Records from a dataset
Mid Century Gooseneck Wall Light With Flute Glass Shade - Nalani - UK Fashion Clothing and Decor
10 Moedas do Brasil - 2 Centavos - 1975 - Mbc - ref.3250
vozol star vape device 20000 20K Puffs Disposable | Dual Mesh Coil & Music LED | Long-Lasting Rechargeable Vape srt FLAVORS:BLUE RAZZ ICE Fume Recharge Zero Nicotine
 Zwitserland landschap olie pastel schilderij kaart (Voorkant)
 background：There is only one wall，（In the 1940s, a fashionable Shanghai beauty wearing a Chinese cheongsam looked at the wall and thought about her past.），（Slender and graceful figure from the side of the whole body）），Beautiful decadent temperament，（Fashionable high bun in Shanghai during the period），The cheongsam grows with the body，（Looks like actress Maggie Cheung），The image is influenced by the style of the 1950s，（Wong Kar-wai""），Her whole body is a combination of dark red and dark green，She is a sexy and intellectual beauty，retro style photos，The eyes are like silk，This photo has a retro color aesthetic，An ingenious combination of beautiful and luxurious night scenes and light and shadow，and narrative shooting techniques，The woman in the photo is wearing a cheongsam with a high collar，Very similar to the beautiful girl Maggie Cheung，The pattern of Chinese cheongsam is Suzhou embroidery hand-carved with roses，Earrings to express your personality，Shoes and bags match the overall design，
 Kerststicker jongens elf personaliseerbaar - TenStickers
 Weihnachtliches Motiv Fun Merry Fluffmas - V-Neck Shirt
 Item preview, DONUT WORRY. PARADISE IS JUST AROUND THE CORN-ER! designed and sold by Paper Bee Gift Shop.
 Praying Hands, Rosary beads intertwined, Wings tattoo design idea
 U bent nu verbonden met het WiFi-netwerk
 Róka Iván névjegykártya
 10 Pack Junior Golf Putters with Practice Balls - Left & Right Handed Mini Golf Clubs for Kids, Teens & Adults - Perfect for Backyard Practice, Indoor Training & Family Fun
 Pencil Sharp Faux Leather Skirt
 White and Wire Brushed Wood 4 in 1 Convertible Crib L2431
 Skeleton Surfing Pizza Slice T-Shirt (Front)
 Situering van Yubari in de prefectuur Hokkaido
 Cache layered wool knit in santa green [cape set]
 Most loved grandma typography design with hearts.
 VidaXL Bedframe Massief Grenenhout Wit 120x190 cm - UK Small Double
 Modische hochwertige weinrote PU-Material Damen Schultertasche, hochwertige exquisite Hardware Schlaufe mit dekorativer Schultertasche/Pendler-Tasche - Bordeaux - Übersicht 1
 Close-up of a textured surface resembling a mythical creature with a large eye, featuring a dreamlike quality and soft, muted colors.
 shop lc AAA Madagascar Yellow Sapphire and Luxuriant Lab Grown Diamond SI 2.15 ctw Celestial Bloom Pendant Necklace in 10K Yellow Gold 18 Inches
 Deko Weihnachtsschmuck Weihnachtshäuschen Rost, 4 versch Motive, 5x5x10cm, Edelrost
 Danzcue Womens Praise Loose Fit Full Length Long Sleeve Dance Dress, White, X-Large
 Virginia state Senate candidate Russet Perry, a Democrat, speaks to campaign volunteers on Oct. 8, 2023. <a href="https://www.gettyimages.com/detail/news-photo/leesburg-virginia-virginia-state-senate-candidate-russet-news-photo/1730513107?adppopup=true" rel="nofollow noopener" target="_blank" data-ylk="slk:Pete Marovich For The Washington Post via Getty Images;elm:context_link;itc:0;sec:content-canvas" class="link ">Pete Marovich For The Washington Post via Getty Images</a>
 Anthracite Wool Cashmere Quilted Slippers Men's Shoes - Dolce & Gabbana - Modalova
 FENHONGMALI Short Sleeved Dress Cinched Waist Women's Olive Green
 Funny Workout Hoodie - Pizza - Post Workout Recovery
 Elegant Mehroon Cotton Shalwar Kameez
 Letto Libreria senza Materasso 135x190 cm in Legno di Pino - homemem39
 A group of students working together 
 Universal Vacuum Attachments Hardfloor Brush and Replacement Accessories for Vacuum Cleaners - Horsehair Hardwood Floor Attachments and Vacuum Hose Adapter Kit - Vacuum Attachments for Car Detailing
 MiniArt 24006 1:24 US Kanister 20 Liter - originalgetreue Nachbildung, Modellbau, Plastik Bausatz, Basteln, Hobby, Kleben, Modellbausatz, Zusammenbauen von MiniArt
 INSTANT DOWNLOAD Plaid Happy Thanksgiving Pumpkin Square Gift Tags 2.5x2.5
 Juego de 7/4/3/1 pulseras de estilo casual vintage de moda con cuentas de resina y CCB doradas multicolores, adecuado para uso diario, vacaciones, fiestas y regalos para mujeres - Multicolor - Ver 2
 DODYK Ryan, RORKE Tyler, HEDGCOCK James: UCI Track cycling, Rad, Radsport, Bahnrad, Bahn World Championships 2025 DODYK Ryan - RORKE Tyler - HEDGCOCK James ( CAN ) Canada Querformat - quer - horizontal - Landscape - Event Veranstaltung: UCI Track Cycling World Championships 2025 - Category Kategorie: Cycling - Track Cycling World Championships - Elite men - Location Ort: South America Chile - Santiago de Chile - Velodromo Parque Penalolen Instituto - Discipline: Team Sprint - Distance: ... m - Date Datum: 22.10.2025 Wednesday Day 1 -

> Task to complete
Of all the entries above, how many lines contain the string "Pizza"? Answer with the number only.

> Exercise response
2